Consulta Aqui | Os impactos psicológicos da quarentena.

Os impactos psicológicos da quarentena.

Os impactos psicológicos da quarentena.

O isolamento social mudou a rotina de grande parte da população. Essas alterações estimulam sintomas psicológicos como medo, preocupação, irritabilidade, tristeza, impotência, insegurança, desamparo, tédio e solidão. Pacientes já diagnosticados com doenças psicológicas, tais como depressão ou ansiedade, podem ter o quadro agravado durante e após esse período de reclusão.

“A importância da aproximação física remonta ao nosso nascimento, quando o primeiro sentido que desenvolvemos é o tato. Através dele conhecemos o mundo. O contato físico nos auxilia no processo de cura física e emocional, ajuda a nos conectar com outras pessoas, libera em nosso corpo substâncias como oxitocina e endorfina, também conhecidas como hormônios do bem-estar e do prazer, e pode diminuir o nível de cortisol, que é o hormônio do estresse, causando relaxamento e alívio da tensão”, explica Flávia da Silva Corrêa Lourenço, psicóloga do Consulta Aqui.

As restrições de convivência que estamos vivendo aumentam as chances de um indivíduo desenvolver doenças psicológicas que em situações normais não estaria sujeito. Condições como abuso de álcool e ingestão de alimentos altamente calóricos também são mais frequentes nesse isolamento.

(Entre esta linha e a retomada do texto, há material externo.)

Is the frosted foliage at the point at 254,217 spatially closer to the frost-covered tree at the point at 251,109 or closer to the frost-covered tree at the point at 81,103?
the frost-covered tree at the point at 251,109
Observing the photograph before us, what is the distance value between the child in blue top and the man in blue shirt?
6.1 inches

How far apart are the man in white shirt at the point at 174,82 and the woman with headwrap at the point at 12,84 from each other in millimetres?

Quando a pessoa experimenta níveis elevados de ansiedade, é comum que utilize estratégias para reduzi-la e, nesse contexto, recorrem ao consumo de bebidas alcoólicas e comida como tentativa de se acalmar e manter o controle da situação. “Algumas pessoas, mesmo após se alimentar, desejam continuar comendo para sentir a sensação de bem-estar e segurança. Esse comportamento é chamado de fome emocional, que pode despertar a compulsão alimentar e se tornar patológica”, comenta a psicóloga.

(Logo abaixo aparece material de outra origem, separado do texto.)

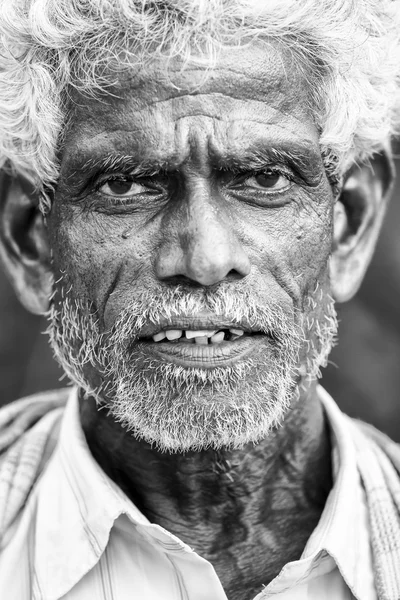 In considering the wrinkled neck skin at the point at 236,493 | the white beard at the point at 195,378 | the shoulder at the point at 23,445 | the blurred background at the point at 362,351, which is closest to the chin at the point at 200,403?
the white beard at the point at 195,378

A ingestão exagerada de bebidas alcoólicas pode aliviar momentaneamente a ansiedade, contudo, com o passar do tempo piora o quadro emocional e prejudica as relações familiares e afetivas. “O ideal é aceitar a ansiedade como uma vivência natural da experiência humana. Faz sentido se preocupar com a situação atual, mas é necessário se certificar de que não está tornando as coisas mais difíceis ainda por manter hábitos inadequados”, complementa.

A Dra. Flávia dá algumas dicas para ajudar a atravessar a quarentena com o mínimo de prejuízo pessoal possível. São elas:

• Manter a atenção nas ações, sentimentos e aumentar o autocuidado;
• Comprar alimentos saudáveis, pois, consequentemente se alimentará melhor e evitará os excessos;
• Praticar atividades físicas e automassagem;
• Formar uma rede de apoio para passar por esse momento e se readaptar as novas situações atuais e pós pandemia;
• Caso a pessoa sinta que não consegue administrar o medo, estresse ou mudança de comportamento necessária para se readaptar sozinho, procurar auxílio médico especializado, como a psicoterapia.

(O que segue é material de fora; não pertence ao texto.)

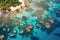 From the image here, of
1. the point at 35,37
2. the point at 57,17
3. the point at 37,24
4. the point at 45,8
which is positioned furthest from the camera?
the point at 45,8

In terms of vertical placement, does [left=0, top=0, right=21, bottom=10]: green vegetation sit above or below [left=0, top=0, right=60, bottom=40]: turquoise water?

“No mais, vivenciar a pandemia nos faz pensar que a saúde mental é tão importante quanto a saúde física. Precisamos criar o hábito de observar e falar sobre os nossos sentimentos. Esse é momento de investir em nós, de aprender como lidar com as nossas sensações de forma clara e de promover um olhar de cuidado e apoio ao outro”, conclui a especialista do Consulta Aqui.